What needs to be done
A word-for-word copy of the entries is the goal; leave out the pictures.

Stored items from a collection

────

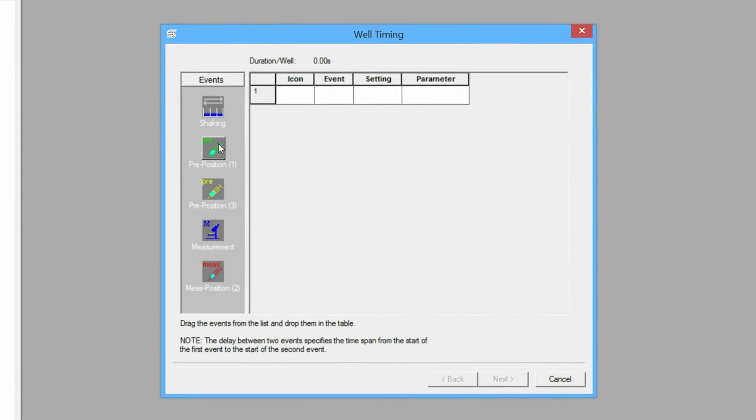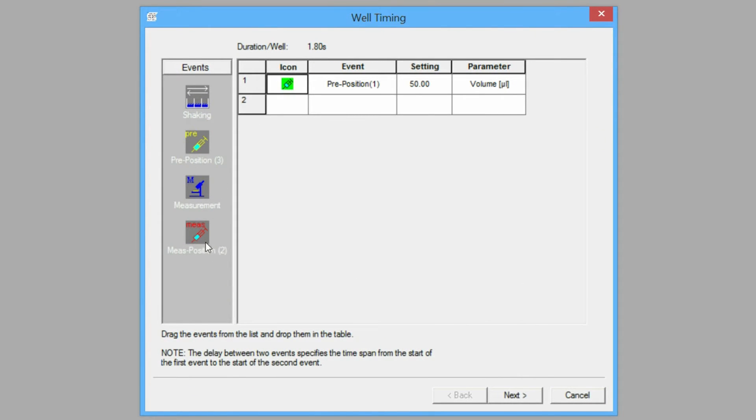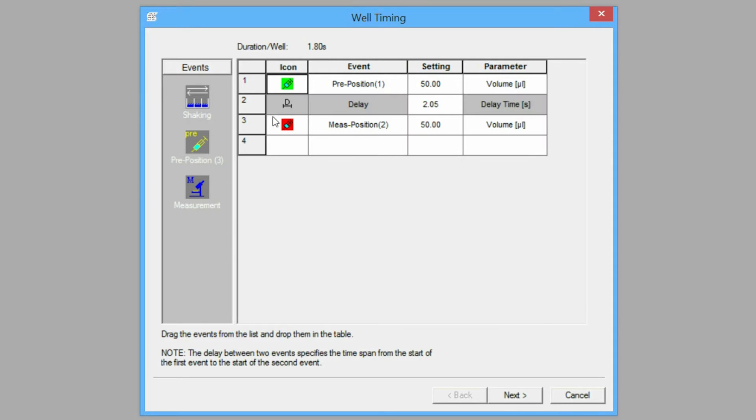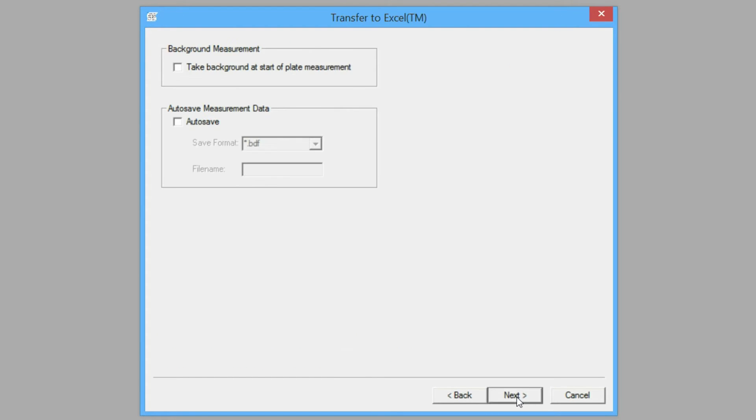Protocol steps can be arranged in any desired order and are easily configured. Measurement time can be selected up to 100 seconds by row or column, and samples can be read multiple times up to hours or days. Results can be automatically sent to Excel for further calculation.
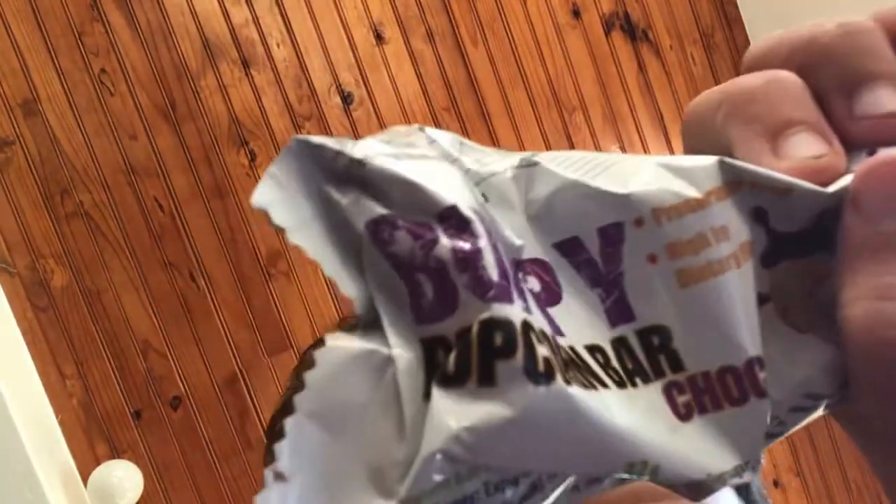That is really, really nice. I'd recommend this product — it's called the Bumpy Popcorn Bar. That is really good.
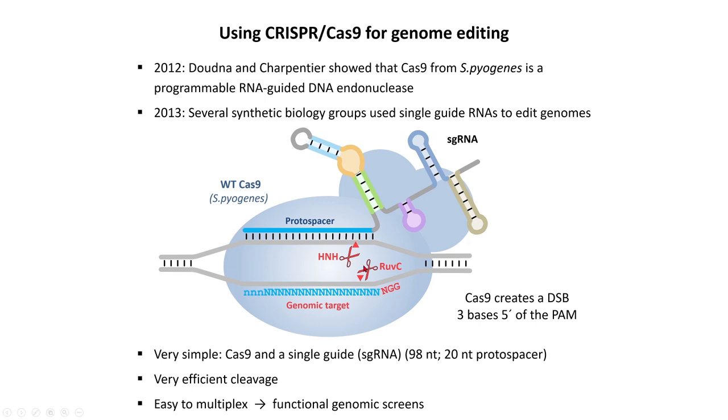There are two nuclease domains in Cas9. One is called the HNH domain, which cuts the target strand or non-PAM strand. Then there is the RuvC domain, which cuts the PAM strand — also called the non-target strand because it is not the one bound by the guide RNA. They cut at pretty much the same time; the RuvC domain does cut first, but what you end up with is a blunt double-strand break that is three bases away from your PAM.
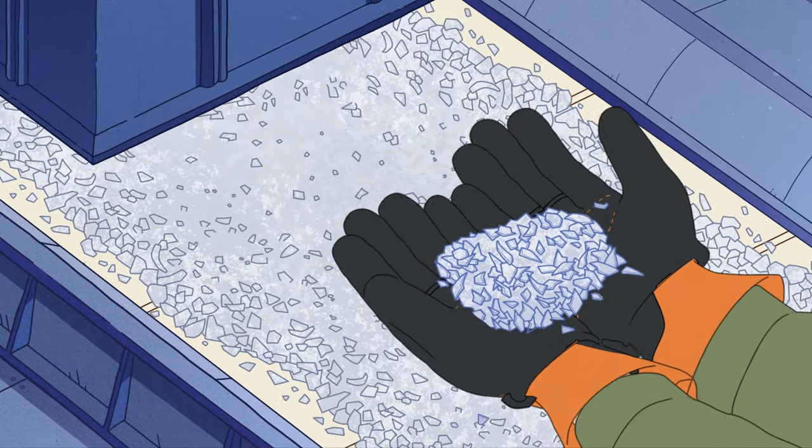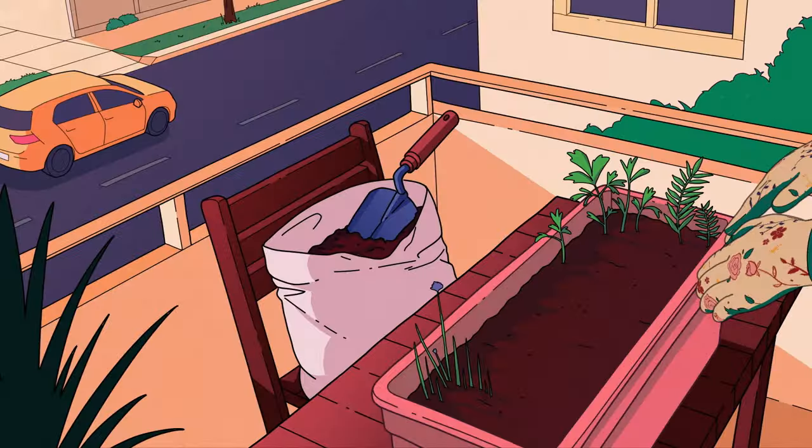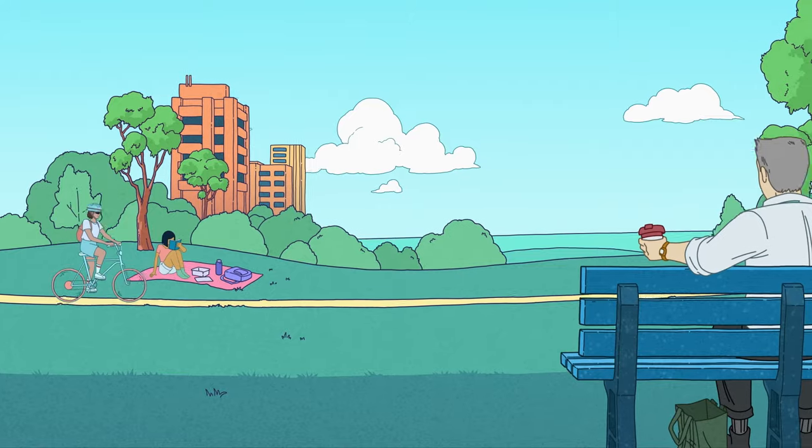This means more can be made from your recycling, like planter boxes, tables and even park benches.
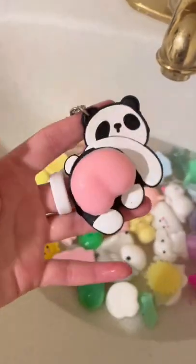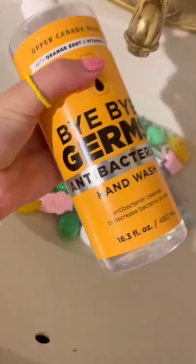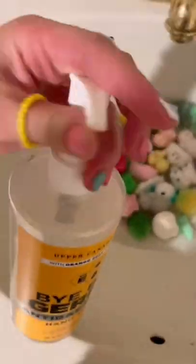Ew, was that an ant? Oh my god, I completely forgot I had this thing — soap sauce. Some blue soap and some bye-bye germ soap. All the insects can also say goodbye. Let's knead it in now.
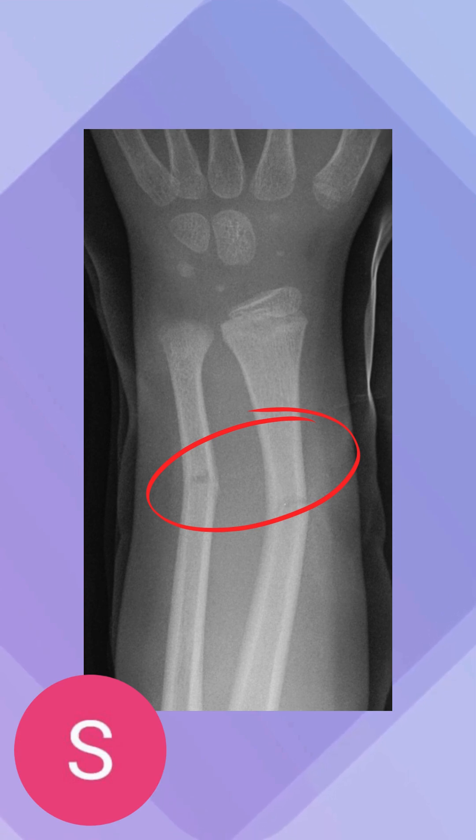Now, this usually happens when there's lots of stress on the bone, so it usually bends or cracks one side, though it doesn't fully break apart, as you can see. It's like a very small indentation, and it's very common to see in children especially, because they have softer bones, whereas adults have more developed, dense bones.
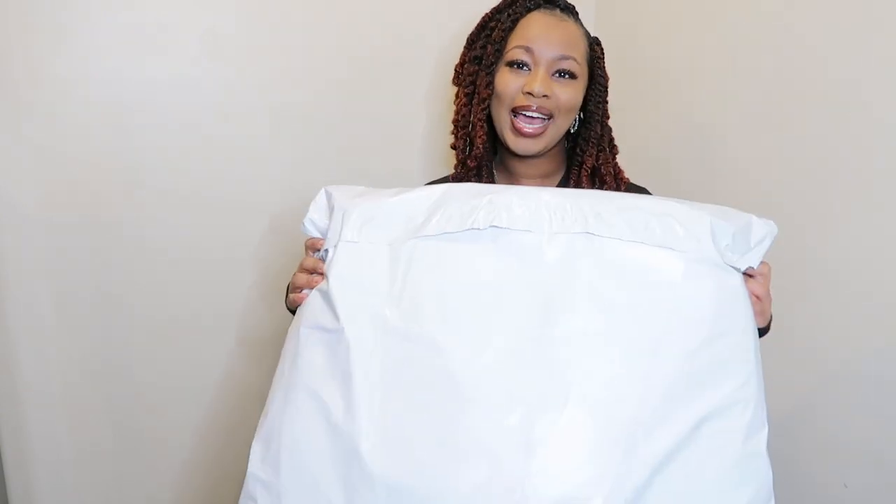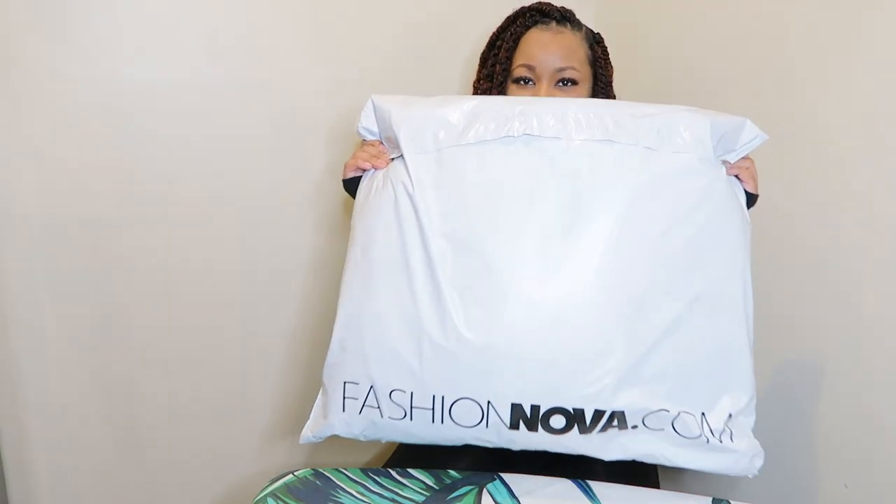Hey everyone, welcome or welcome back to my channel. Today we're opening a huge package from Fashion Moolah.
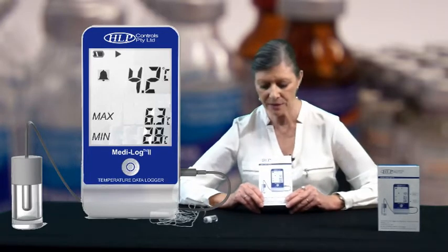Hi, my name is Liz from HLP Controls and this unit is the MediLog2. This unit has been produced, designed, developed, and is also manufactured by us, HLP Controls. This is a vaccine storage data logger and it meets all the requirements of the health department. It's perfect for food storage as well, so you can use it for storing anything you need to data log the storage temperatures.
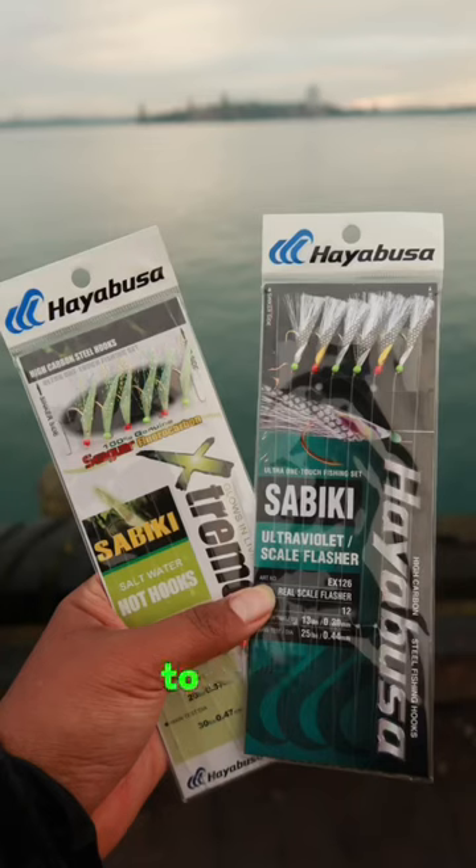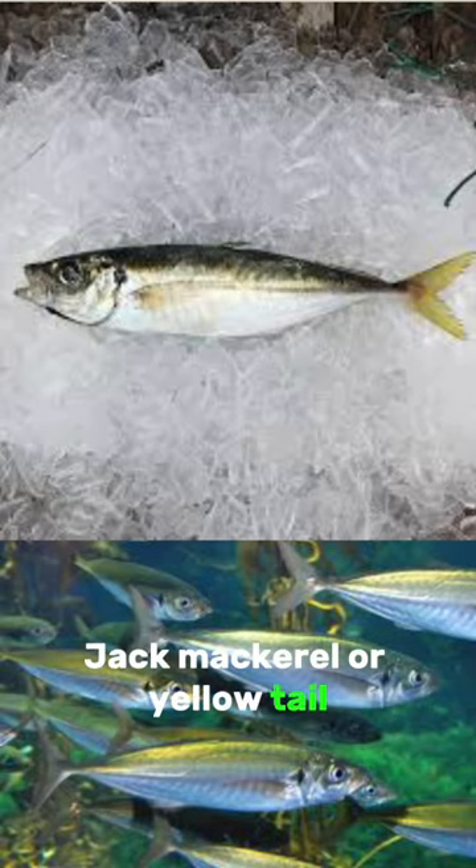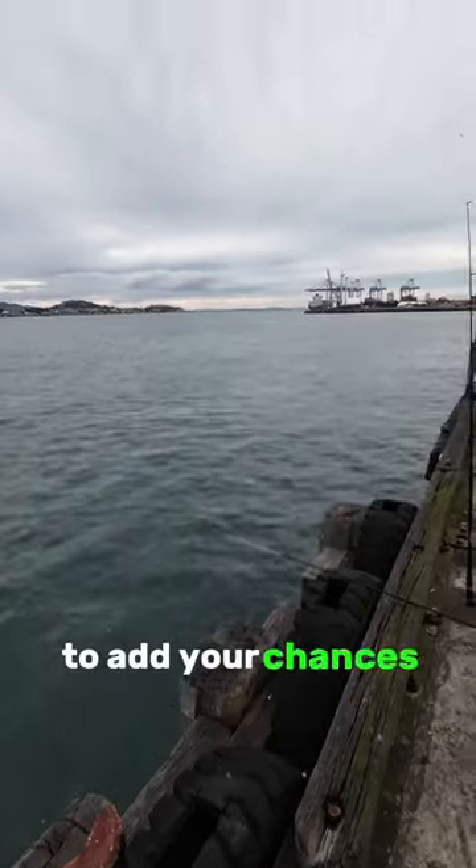Using a sabiki to catch jack mackerel or yellowtail, you can add little baits to increase your chances of catching fish.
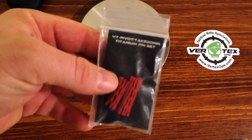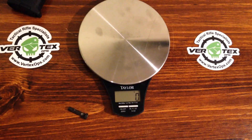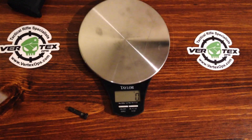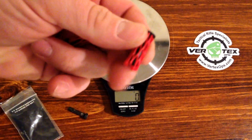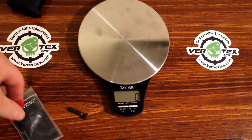These are titanium takedown pins. Let me take them out here. They have these little rubberized protection coating things on them for shipment, so they're not bouncing around and scratching each other up.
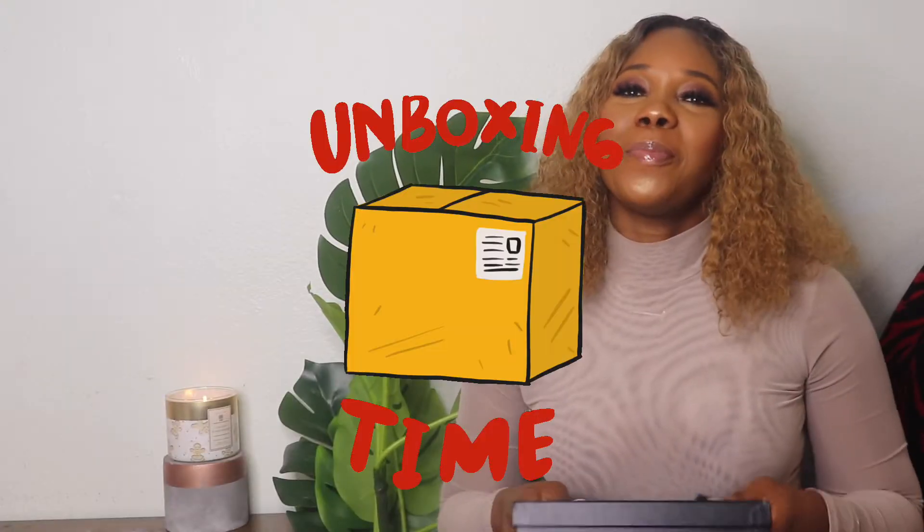Hey guys, welcome back to my channel. If you are new here, my name is Eero and this is the Mom Life. If you are a returning subscriber, girl, you already know I love you. So today I have an unboxing for you guys — technically I won't call it an unboxing because I tried so hard not to open the box after I bought it from the store, but last weekend I didn't have a choice because I had a party to go to. So I decided I was still going to go ahead and do the video anyway.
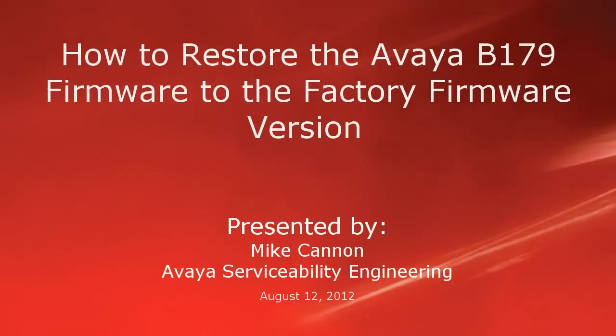Hello folks. My name is Mike Cannon, part of the Avaya Serviceability Engineering Group, and today I'm going to do a short video on how to restore the Avaya B179 firmware back to the factory default firmware version.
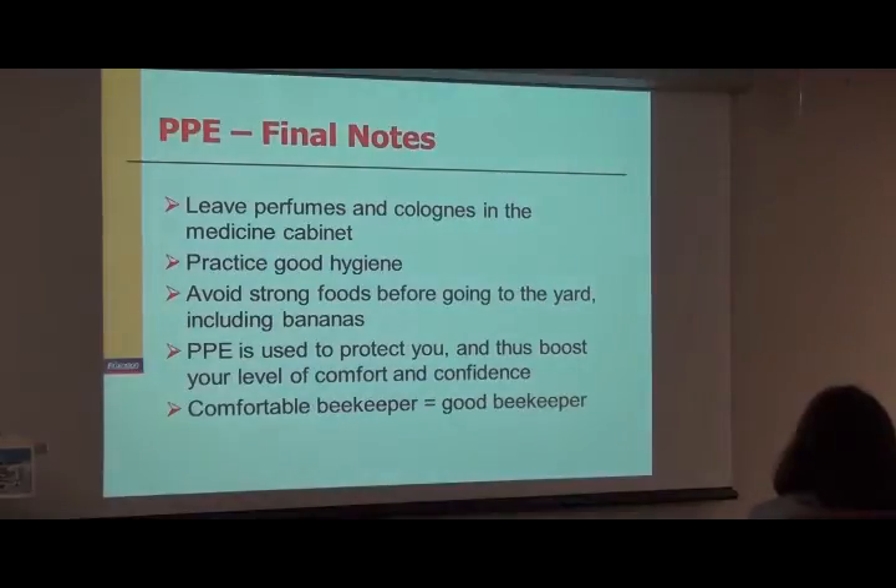Some final notes on hygiene: don't wear perfumes or colognes, and practice good hygiene. Don't bicycle out to your apiary and then expect to work your honeybees — you're producing a lot of mammal pheromone when you're sweating. Avoid strong foods like onions and garlic. Don't go out for Italian food before going to your apiary, because that's going to be coming out of your mouth. Including bananas — bananas release a smell similar to the alarm pheromone in honeybees. If you're breathing out this artificial alarm pheromone, you can really get the bees mad quickly.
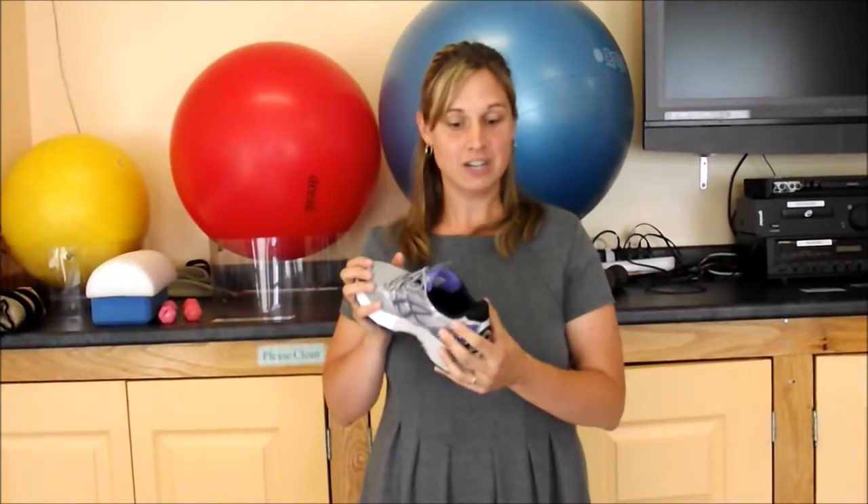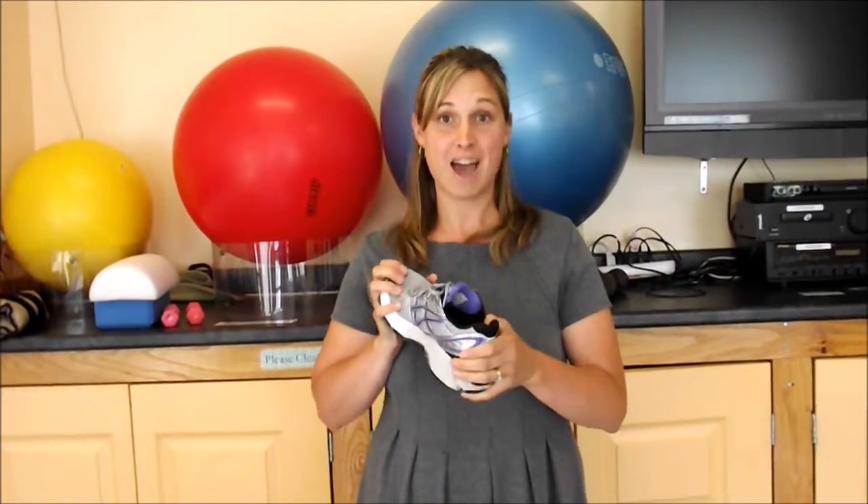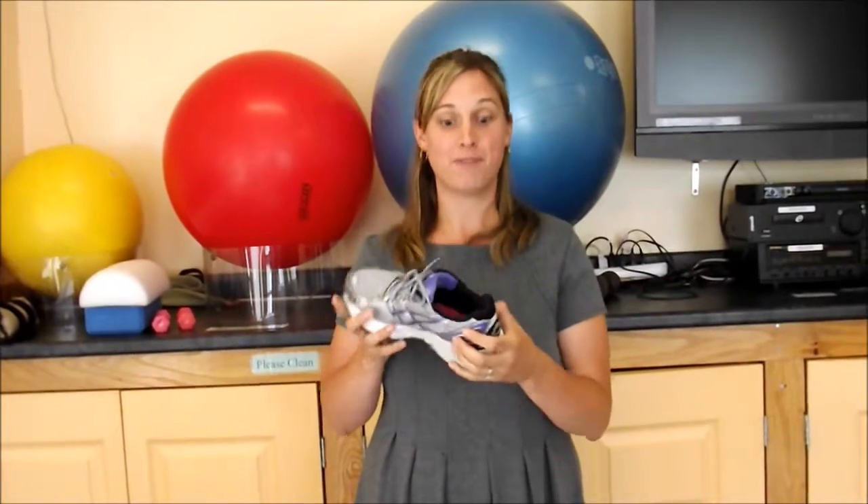Lastly, when you pick up the sneaker, give it a squeeze at the heel counter. See if you can fold it in half — it should have some firmness there. Also take the sneaker and try to bend it. If it bends in the middle of the shoe, it's not a good shoe for you.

────

Written answer
Protocol steps can be arranged in any desired order and are easily configured. Measurement time can be selected up to 100 seconds by row or column, and samples can be read multiple times up to hours or days. Results can be automatically sent to Excel for further calculation.
That is really, really nice. I'd recommend this product — it's called the Bumpy Popcorn Bar. That is really good.
There are two nuclease domains in Cas9. One is called the HNH domain, which cuts the target strand or non-PAM strand. Then there is the RuvC domain, which cuts the PAM strand — also called the non-target strand because it is not the one bound by the guide RNA. They cut at pretty much the same time; the RuvC domain does cut first, but what you end up with is a blunt double-strand break that is three bases away from your PAM.
This means more can be made from your recycling, like planter boxes, tables and even park benches.
Ew, was that an ant? Oh my god, I completely forgot I had this thing — soap sauce. Some blue soap and some bye-bye germ soap. All the insects can also say goodbye. Let's knead it in now.
Now, this usually happens when there's lots of stress on the bone, so it usually bends or cracks one side, though it doesn't fully break apart, as you can see. It's like a very small indentation, and it's very common to see in children especially, because they have softer bones, whereas adults have more developed, dense bones.
Hey everyone, welcome or welcome back to my channel. Today we're opening a huge package from Fashion Moolah.
Hi, my name is Liz from HLP Controls and this unit is the MediLog2. This unit has been produced, designed, developed, and is also manufactured by us, HLP Controls. This is a vaccine storage data logger and it meets all the requirements of the health department. It's perfect for food storage as well, so you can use it for storing anything you need to data log the storage temperatures.
Using a sabiki to catch jack mackerel or yellowtail, you can add little baits to increase your chances of catching fish.
These are titanium takedown pins. Let me take them out here. They have these little rubberized protection coating things on them for shipment, so they're not bouncing around and scratching each other up.
Hey guys, welcome back to my channel. If you are new here, my name is Eero and this is the Mom Life. If you are a returning subscriber, girl, you already know I love you. So today I have an unboxing for you guys — technically I won't call it an unboxing because I tried so hard not to open the box after I bought it from the store, but last weekend I didn't have a choice because I had a party to go to. So I decided I was still going to go ahead and do the video anyway.
Hello folks. My name is Mike Cannon, part of the Avaya Serviceability Engineering Group, and today I'm going to do a short video on how to restore the Avaya B179 firmware back to the factory default firmware version.
Some final notes on hygiene: don't wear perfumes or colognes, and practice good hygiene. Don't bicycle out to your apiary and then expect to work your honeybees — you're producing a lot of mammal pheromone when you're sweating. Avoid strong foods like onions and garlic. Don't go out for Italian food before going to your apiary, because that's going to be coming out of your mouth. Including bananas — bananas release a smell similar to the alarm pheromone in honeybees. If you're breathing out this artificial alarm pheromone, you can really get the bees mad quickly.
Lastly, when you pick up the sneaker, give it a squeeze at the heel counter. See if you can fold it in half — it should have some firmness there. Also take the sneaker and try to bend it. If it bends in the middle of the shoe, it's not a good shoe for you.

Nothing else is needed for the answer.